Exercise:
Copy all of the data below exactly as it is given.

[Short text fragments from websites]
•••••
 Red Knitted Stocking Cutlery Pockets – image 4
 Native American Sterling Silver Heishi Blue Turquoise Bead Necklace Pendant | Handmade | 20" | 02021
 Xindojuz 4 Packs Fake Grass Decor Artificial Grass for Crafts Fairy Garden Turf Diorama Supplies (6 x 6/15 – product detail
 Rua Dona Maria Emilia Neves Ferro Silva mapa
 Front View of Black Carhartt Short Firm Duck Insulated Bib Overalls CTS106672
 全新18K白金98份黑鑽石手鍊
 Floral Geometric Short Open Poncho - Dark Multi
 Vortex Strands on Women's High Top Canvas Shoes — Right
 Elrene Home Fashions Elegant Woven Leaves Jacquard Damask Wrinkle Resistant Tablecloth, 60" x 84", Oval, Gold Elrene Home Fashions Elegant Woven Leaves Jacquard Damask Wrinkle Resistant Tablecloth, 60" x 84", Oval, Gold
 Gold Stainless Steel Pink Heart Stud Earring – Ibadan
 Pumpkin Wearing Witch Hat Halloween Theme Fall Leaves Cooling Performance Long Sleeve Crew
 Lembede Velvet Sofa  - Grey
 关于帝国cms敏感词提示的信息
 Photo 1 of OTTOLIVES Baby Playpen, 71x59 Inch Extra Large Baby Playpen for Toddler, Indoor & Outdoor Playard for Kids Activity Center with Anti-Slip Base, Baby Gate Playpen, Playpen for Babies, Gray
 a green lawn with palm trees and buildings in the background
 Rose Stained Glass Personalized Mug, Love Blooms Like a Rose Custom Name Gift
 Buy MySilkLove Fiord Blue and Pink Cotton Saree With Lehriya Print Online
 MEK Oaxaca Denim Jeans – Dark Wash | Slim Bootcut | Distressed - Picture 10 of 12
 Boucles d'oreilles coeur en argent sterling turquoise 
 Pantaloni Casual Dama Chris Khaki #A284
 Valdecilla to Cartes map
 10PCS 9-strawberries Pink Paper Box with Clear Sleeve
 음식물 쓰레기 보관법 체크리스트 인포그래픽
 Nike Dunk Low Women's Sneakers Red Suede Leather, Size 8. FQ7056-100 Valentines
•••••
Exercise output:
 Red Knitted Stocking Cutlery Pockets – image 4
 Native American Sterling Silver Heishi Blue Turquoise Bead Necklace Pendant | Handmade | 20" | 02021
 Xindojuz 4 Packs Fake Grass Decor Artificial Grass for Crafts Fairy Garden Turf Diorama Supplies (6 x 6/15 – product detail
 Rua Dona Maria Emilia Neves Ferro Silva mapa
 Front View of Black Carhartt Short Firm Duck Insulated Bib Overalls CTS106672
 全新18K白金98份黑鑽石手鍊
 Floral Geometric Short Open Poncho - Dark Multi
 Vortex Strands on Women's High Top Canvas Shoes — Right
 Elrene Home Fashions Elegant Woven Leaves Jacquard Damask Wrinkle Resistant Tablecloth, 60" x 84", Oval, Gold Elrene Home Fashions Elegant Woven Leaves Jacquard Damask Wrinkle Resistant Tablecloth, 60" x 84", Oval, Gold
 Gold Stainless Steel Pink Heart Stud Earring – Ibadan
 Pumpkin Wearing Witch Hat Halloween Theme Fall Leaves Cooling Performance Long Sleeve Crew
 Lembede Velvet Sofa  - Grey
 关于帝国cms敏感词提示的信息
 Photo 1 of OTTOLIVES Baby Playpen, 71x59 Inch Extra Large Baby Playpen for Toddler, Indoor & Outdoor Playard for Kids Activity Center with Anti-Slip Base, Baby Gate Playpen, Playpen for Babies, Gray
 a green lawn with palm trees and buildings in the background
 Rose Stained Glass Personalized Mug, Love Blooms Like a Rose Custom Name Gift
 Buy MySilkLove Fiord Blue and Pink Cotton Saree With Lehriya Print Online
 MEK Oaxaca Denim Jeans – Dark Wash | Slim Bootcut | Distressed - Picture 10 of 12
 Boucles d'oreilles coeur en argent sterling turquoise 
 Pantaloni Casual Dama Chris Khaki #A284
 Valdecilla to Cartes map
 10PCS 9-strawberries Pink Paper Box with Clear Sleeve
 음식물 쓰레기 보관법 체크리스트 인포그래픽
 Nike Dunk Low Women's Sneakers Red Suede Leather, Size 8. FQ7056-100 Valentines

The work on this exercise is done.